RDF file reader/fixer/converter (replace or add-on to Erlwood Reactions File Reader)

For those who might deal with chemical reaction files and require a reader node, the Erlwood extensions offers a suitable one, though with at least two (for me) major drawbacks.
I addressed the following via a Python script:

  • Erlwood node doesn’t exist (yet) for Knime V4.3.x
  • It bugs out if you have RDF files with missing structures.
    The latter can happen e.g. for rdf exports from Scifinder or Reaxys.

See here on the KnimeHub:

This mini-workflow reads any number of RDF files, checks for the missing portions and fixes it (by simply elimination that record). In addition, a csv file is created with the structure converted to SMILES.
The main/important portion lies within the single Python node.

If you have worked with Reaxys or Scifinder RDF imports you will know that the number of resulting columns will differ. The same goes for the resulting csv files, even for the number of structure columns.

The Python script uses as little imports as possible, though it does require RDKIT in your Python installation. It is independent of the Knime Versions 4.x. Not tested in earlier 3.x Versions.

There is certainly room for improvement in the parsing or output, but it goes a long way.
Hope it helps the one or other person as well.

7 Likes

Hallo @docminus2,

Thanks for sharing this with the KNIME community. Definitely very helpful!

Cheers,
Janina

I have updated the script (and the description).
Major change is the inclusion of minimal sanitization of molecules else the module crashes in case of faulty molecules smiles.
(I would update my original post, but it seems it isn’t possible anymore)
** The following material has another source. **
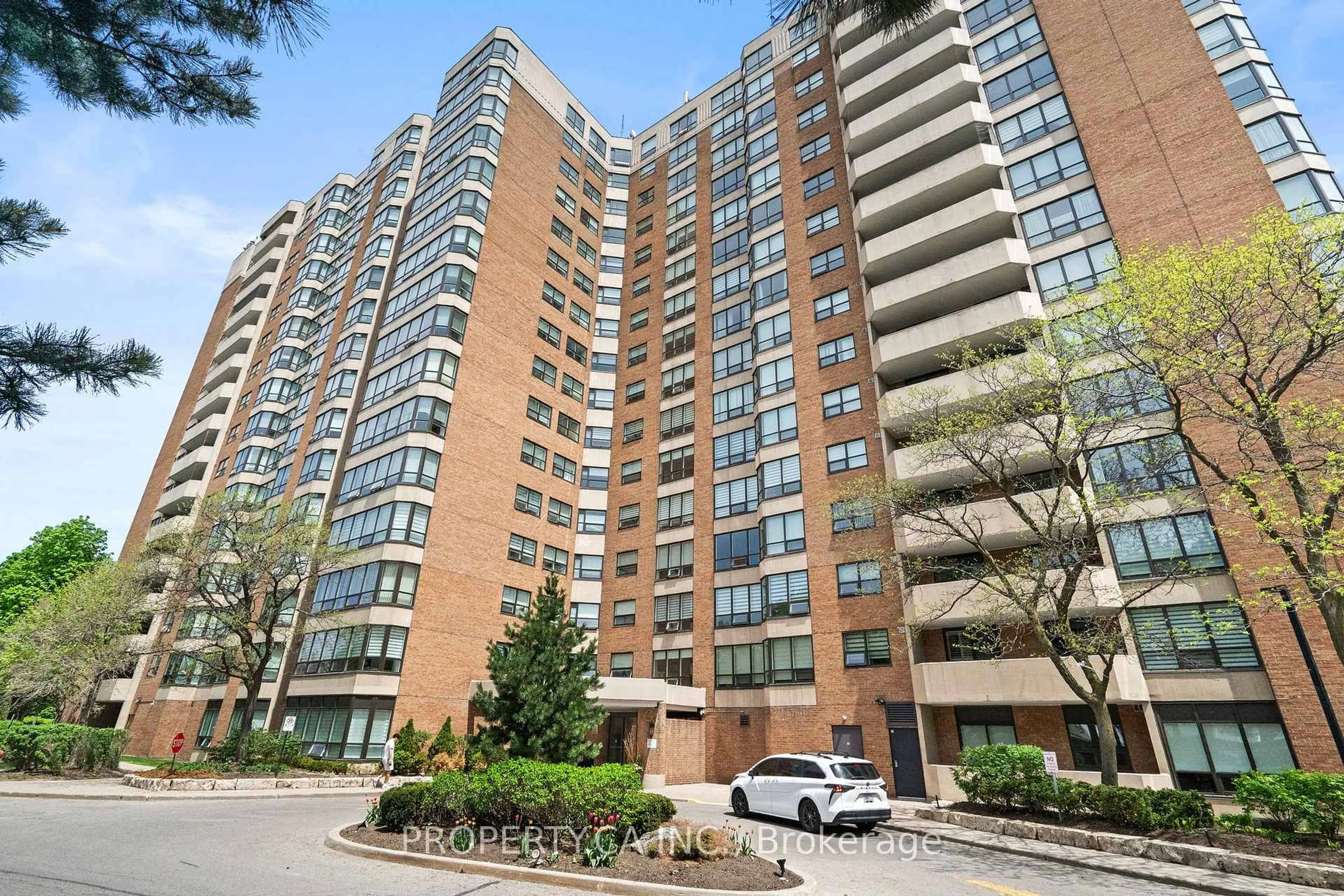 Unknown for 7601 Bathurst St #101, Vaughan Ontario L4J 4H5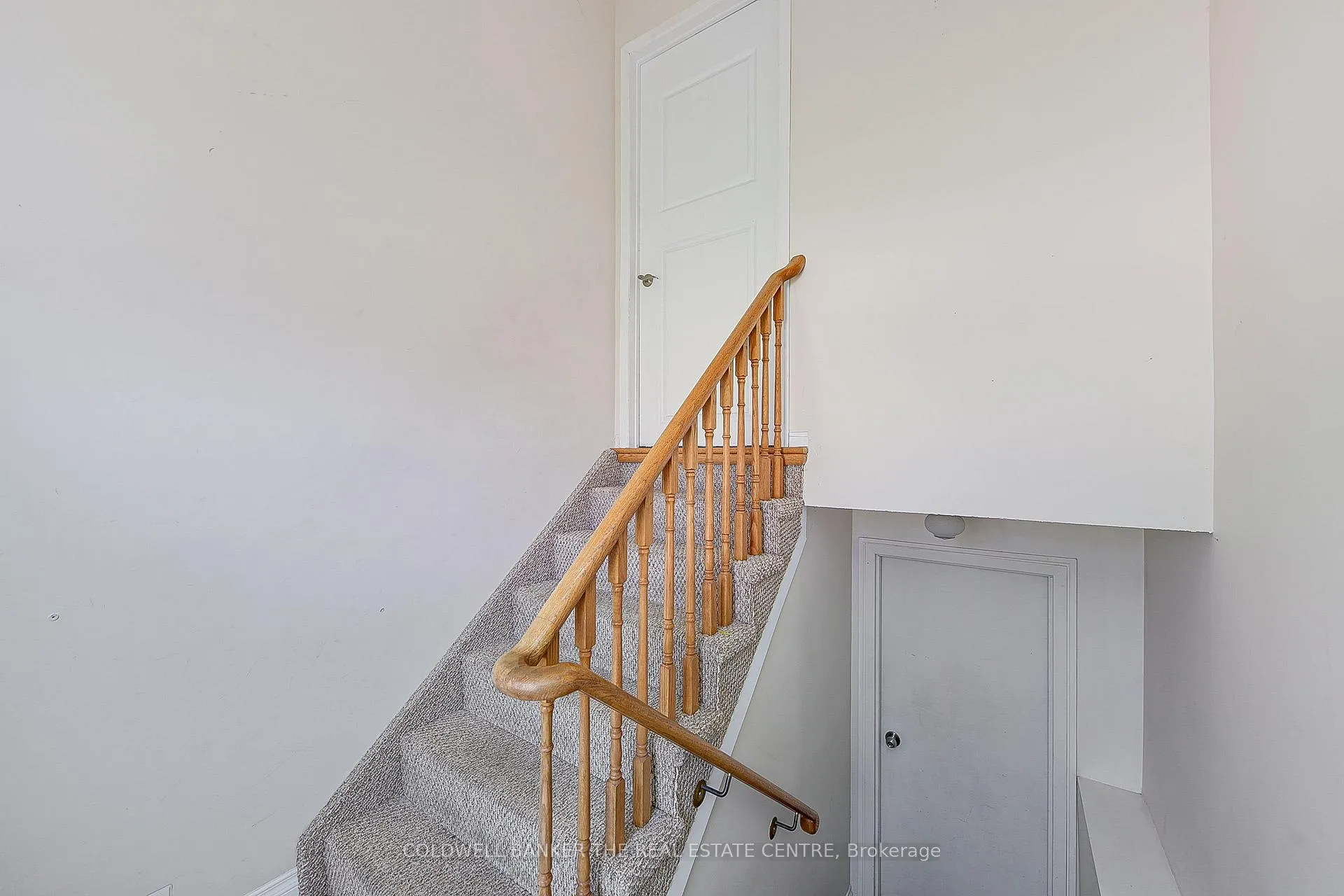 Photo 2 of 64 Mcconkey Place, Barrie, Allandale Heights — HOMEH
Hello - I have updated this workflow today - it contains a prefilter that will check for existing “_fixed” files and removes them so you don’t end up with “_fixed_fixed” etc should you run it multiple times on the same folder.
There is now also support for RDF files stemming from ICSynth.

1 Like

And another update: some ambiguity in the python code description had to be fixed, plus some additional stuff, as well as support for Infochem Spresi RDF files.

1 Like